*** Input data ***

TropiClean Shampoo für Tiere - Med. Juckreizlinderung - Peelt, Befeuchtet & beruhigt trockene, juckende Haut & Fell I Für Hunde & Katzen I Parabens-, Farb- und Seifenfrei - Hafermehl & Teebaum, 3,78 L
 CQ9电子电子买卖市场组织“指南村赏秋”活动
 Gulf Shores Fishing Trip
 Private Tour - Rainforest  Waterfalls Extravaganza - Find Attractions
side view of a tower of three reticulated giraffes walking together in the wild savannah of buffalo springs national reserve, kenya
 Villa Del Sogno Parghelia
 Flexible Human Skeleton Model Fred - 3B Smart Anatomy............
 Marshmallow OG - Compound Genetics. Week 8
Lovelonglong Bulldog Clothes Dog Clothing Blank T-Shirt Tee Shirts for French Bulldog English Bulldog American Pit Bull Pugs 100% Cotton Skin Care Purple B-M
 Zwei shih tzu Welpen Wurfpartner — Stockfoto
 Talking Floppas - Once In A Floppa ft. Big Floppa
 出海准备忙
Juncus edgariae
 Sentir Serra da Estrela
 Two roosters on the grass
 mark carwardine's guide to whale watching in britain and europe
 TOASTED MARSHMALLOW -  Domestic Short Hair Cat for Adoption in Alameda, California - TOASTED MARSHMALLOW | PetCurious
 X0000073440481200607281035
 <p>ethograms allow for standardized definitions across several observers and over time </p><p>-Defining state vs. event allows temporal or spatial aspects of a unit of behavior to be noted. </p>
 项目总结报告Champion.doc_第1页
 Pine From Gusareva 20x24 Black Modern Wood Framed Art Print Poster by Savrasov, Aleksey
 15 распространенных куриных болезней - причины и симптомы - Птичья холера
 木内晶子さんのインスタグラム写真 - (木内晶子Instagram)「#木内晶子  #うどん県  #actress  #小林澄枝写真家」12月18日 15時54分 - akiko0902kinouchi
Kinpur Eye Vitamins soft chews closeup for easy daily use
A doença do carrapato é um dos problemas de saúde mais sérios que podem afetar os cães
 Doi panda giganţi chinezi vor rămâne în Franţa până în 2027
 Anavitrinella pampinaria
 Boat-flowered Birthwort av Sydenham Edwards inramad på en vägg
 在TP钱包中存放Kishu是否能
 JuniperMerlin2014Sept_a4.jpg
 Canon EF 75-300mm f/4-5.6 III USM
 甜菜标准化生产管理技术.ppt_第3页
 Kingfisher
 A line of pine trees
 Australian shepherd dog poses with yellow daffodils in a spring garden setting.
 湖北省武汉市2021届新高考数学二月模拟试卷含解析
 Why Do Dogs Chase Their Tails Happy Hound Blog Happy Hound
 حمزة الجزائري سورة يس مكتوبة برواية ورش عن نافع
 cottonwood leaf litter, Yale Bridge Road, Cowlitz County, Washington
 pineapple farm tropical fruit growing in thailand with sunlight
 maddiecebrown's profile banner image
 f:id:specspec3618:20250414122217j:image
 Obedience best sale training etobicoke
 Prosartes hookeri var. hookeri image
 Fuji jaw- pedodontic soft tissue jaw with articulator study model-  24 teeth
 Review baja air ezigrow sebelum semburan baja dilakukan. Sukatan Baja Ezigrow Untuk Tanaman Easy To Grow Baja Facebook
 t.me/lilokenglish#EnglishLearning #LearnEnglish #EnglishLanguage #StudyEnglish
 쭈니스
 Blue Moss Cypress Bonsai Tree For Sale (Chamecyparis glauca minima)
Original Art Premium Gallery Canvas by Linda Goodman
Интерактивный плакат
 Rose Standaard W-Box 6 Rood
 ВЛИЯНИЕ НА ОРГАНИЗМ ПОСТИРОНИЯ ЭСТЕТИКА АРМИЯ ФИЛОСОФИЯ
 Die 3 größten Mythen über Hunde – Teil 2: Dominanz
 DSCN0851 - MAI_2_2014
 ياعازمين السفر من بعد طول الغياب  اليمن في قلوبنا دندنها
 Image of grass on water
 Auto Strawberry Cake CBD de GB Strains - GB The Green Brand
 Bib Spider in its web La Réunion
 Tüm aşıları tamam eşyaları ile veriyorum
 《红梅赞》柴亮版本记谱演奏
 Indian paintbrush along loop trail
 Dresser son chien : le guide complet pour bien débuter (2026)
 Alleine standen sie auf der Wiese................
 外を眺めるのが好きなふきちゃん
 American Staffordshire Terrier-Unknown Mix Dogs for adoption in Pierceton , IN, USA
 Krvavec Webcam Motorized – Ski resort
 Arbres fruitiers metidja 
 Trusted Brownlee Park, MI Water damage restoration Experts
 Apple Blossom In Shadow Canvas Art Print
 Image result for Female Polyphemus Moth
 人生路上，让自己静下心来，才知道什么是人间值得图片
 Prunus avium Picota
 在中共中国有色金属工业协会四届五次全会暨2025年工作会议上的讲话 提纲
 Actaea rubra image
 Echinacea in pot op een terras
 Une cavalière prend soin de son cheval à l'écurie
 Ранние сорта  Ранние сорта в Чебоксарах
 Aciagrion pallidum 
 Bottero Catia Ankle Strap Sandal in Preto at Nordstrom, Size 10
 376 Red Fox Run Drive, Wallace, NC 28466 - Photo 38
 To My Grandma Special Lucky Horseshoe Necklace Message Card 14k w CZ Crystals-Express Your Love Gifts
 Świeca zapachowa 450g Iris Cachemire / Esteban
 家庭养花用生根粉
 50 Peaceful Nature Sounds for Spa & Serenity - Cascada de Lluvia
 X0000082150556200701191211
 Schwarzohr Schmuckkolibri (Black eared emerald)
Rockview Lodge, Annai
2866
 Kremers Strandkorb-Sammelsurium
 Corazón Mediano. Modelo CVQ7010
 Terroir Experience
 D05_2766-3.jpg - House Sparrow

*** End of Input data ***

> _Your goal_
The answer must restate each entry word for word.

> _Exercise solution_
TropiClean Shampoo für Tiere - Med. Juckreizlinderung - Peelt, Befeuchtet & beruhigt trockene, juckende Haut & Fell I Für Hunde & Katzen I Parabens-, Farb- und Seifenfrei - Hafermehl & Teebaum, 3,78 L
 CQ9电子电子买卖市场组织“指南村赏秋”活动
 Gulf Shores Fishing Trip
 Private Tour - Rainforest  Waterfalls Extravaganza - Find Attractions
side view of a tower of three reticulated giraffes walking together in the wild savannah of buffalo springs national reserve, kenya
 Villa Del Sogno Parghelia
 Flexible Human Skeleton Model Fred - 3B Smart Anatomy............
 Marshmallow OG - Compound Genetics. Week 8
Lovelonglong Bulldog Clothes Dog Clothing Blank T-Shirt Tee Shirts for French Bulldog English Bulldog American Pit Bull Pugs 100% Cotton Skin Care Purple B-M
 Zwei shih tzu Welpen Wurfpartner — Stockfoto
 Talking Floppas - Once In A Floppa ft. Big Floppa
 出海准备忙
Juncus edgariae
 Sentir Serra da Estrela
 Two roosters on the grass
 mark carwardine's guide to whale watching in britain and europe
 TOASTED MARSHMALLOW -  Domestic Short Hair Cat for Adoption in Alameda, California - TOASTED MARSHMALLOW | PetCurious
 X0000073440481200607281035
 <p>ethograms allow for standardized definitions across several observers and over time </p><p>-Defining state vs. event allows temporal or spatial aspects of a unit of behavior to be noted. </p>
 项目总结报告Champion.doc_第1页
 Pine From Gusareva 20x24 Black Modern Wood Framed Art Print Poster by Savrasov, Aleksey
 15 распространенных куриных болезней - причины и симптомы - Птичья холера
 木内晶子さんのインスタグラム写真 - (木内晶子Instagram)「#木内晶子  #うどん県  #actress  #小林澄枝写真家」12月18日 15時54分 - akiko0902kinouchi
Kinpur Eye Vitamins soft chews closeup for easy daily use
A doença do carrapato é um dos problemas de saúde mais sérios que podem afetar os cães
 Doi panda giganţi chinezi vor rămâne în Franţa până în 2027
 Anavitrinella pampinaria
 Boat-flowered Birthwort av Sydenham Edwards inramad på en vägg
 在TP钱包中存放Kishu是否能
 JuniperMerlin2014Sept_a4.jpg
 Canon EF 75-300mm f/4-5.6 III USM
 甜菜标准化生产管理技术.ppt_第3页
 Kingfisher
 A line of pine trees
 Australian shepherd dog poses with yellow daffodils in a spring garden setting.
 湖北省武汉市2021届新高考数学二月模拟试卷含解析
 Why Do Dogs Chase Their Tails Happy Hound Blog Happy Hound
 حمزة الجزائري سورة يس مكتوبة برواية ورش عن نافع
 cottonwood leaf litter, Yale Bridge Road, Cowlitz County, Washington
 pineapple farm tropical fruit growing in thailand with sunlight
 maddiecebrown's profile banner image
 f:id:specspec3618:20250414122217j:image
 Obedience best sale training etobicoke
 Prosartes hookeri var. hookeri image
 Fuji jaw- pedodontic soft tissue jaw with articulator study model-  24 teeth
 Review baja air ezigrow sebelum semburan baja dilakukan. Sukatan Baja Ezigrow Untuk Tanaman Easy To Grow Baja Facebook
 t.me/lilokenglish#EnglishLearning #LearnEnglish #EnglishLanguage #StudyEnglish
 쭈니스
 Blue Moss Cypress Bonsai Tree For Sale (Chamecyparis glauca minima)
Original Art Premium Gallery Canvas by Linda Goodman
Интерактивный плакат
 Rose Standaard W-Box 6 Rood
 ВЛИЯНИЕ НА ОРГАНИЗМ ПОСТИРОНИЯ ЭСТЕТИКА АРМИЯ ФИЛОСОФИЯ
 Die 3 größten Mythen über Hunde – Teil 2: Dominanz
 DSCN0851 - MAI_2_2014
 ياعازمين السفر من بعد طول الغياب  اليمن في قلوبنا دندنها
 Image of grass on water
 Auto Strawberry Cake CBD de GB Strains - GB The Green Brand
 Bib Spider in its web La Réunion
 Tüm aşıları tamam eşyaları ile veriyorum
 《红梅赞》柴亮版本记谱演奏
 Indian paintbrush along loop trail
 Dresser son chien : le guide complet pour bien débuter (2026)
 Alleine standen sie auf der Wiese................
 外を眺めるのが好きなふきちゃん
 American Staffordshire Terrier-Unknown Mix Dogs for adoption in Pierceton , IN, USA
 Krvavec Webcam Motorized – Ski resort
 Arbres fruitiers metidja 
 Trusted Brownlee Park, MI Water damage restoration Experts
 Apple Blossom In Shadow Canvas Art Print
 Image result for Female Polyphemus Moth
 人生路上，让自己静下心来，才知道什么是人间值得图片
 Prunus avium Picota
 在中共中国有色金属工业协会四届五次全会暨2025年工作会议上的讲话 提纲
 Actaea rubra image
 Echinacea in pot op een terras
 Une cavalière prend soin de son cheval à l'écurie
 Ранние сорта  Ранние сорта в Чебоксарах
 Aciagrion pallidum 
 Bottero Catia Ankle Strap Sandal in Preto at Nordstrom, Size 10
 376 Red Fox Run Drive, Wallace, NC 28466 - Photo 38
 To My Grandma Special Lucky Horseshoe Necklace Message Card 14k w CZ Crystals-Express Your Love Gifts
 Świeca zapachowa 450g Iris Cachemire / Esteban
 家庭养花用生根粉
 50 Peaceful Nature Sounds for Spa & Serenity - Cascada de Lluvia
 X0000082150556200701191211
 Schwarzohr Schmuckkolibri (Black eared emerald)
Rockview Lodge, Annai
2866
 Kremers Strandkorb-Sammelsurium
 Corazón Mediano. Modelo CVQ7010
 Terroir Experience
 D05_2766-3.jpg - House Sparrow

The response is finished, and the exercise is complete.